How to Get Rid of Crows in Your Yard/House?

There are lots of reasons to want to get rid of crows.

Crows dive bomb trash cans and scatter trash in broad daylight.

Crows compete with songbirds at bird feeders and chow down at dog and cat food bowls. Recent studies have found that they are able to communicate their food discoveries to other crows. One crow is quickly followed by dozens.

Crows carry the West Nile virus, and more crows are infected with the West Nile virus when there are sewer overflows. This tells you a little about how they get it.

They carry prions that cause wasting diseases similar to mad cow disease.

It’s true that a family of crows will devour up to 40,000 insects over the three warmest months of summer. Everything about crows isn’t bad. But it’s sensible self-defense to keep crows away from your home.

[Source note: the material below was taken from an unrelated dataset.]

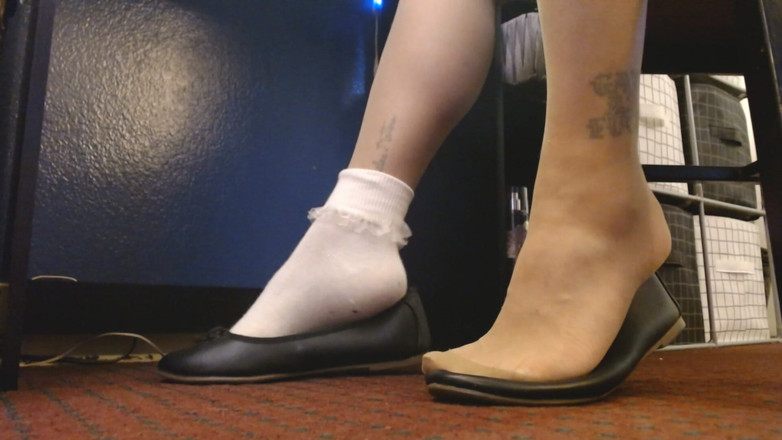 Abby Anna: Closeup Ruffled Socks Pantyhose Ballet Flats Tease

In this article, we’ll share some of the most effective ways to get rid of crows without killing them. We will start with the one method that always works.

Remove all sources of food and water for crows

When your landscape is overrun by crows, and you are ready to take drastic action, here’s what you do:

Eliminate water sources from your yard.

Eliminate food sources, too.

Make sure Fido and Fluffy are fed indoors, take out any fruit trees and berry bushes, place tight-fitting metal lids on any outdoor trash receptacles, let the birdbath dry out, and drain the swimming pool.

Don’t leave any trash lying around in plastic bags. Crows can easily tear them open.

Cover your garbage. if dogs or raccoons get into your garbage overnight, pick it up right away. Even better, get rid of garbage as fast as you can.

If you do composting, use a compost tumbler. Don’t have an open compost pile on your property. Crows love to pick through to find interesting and tasty peelings, core, and shells.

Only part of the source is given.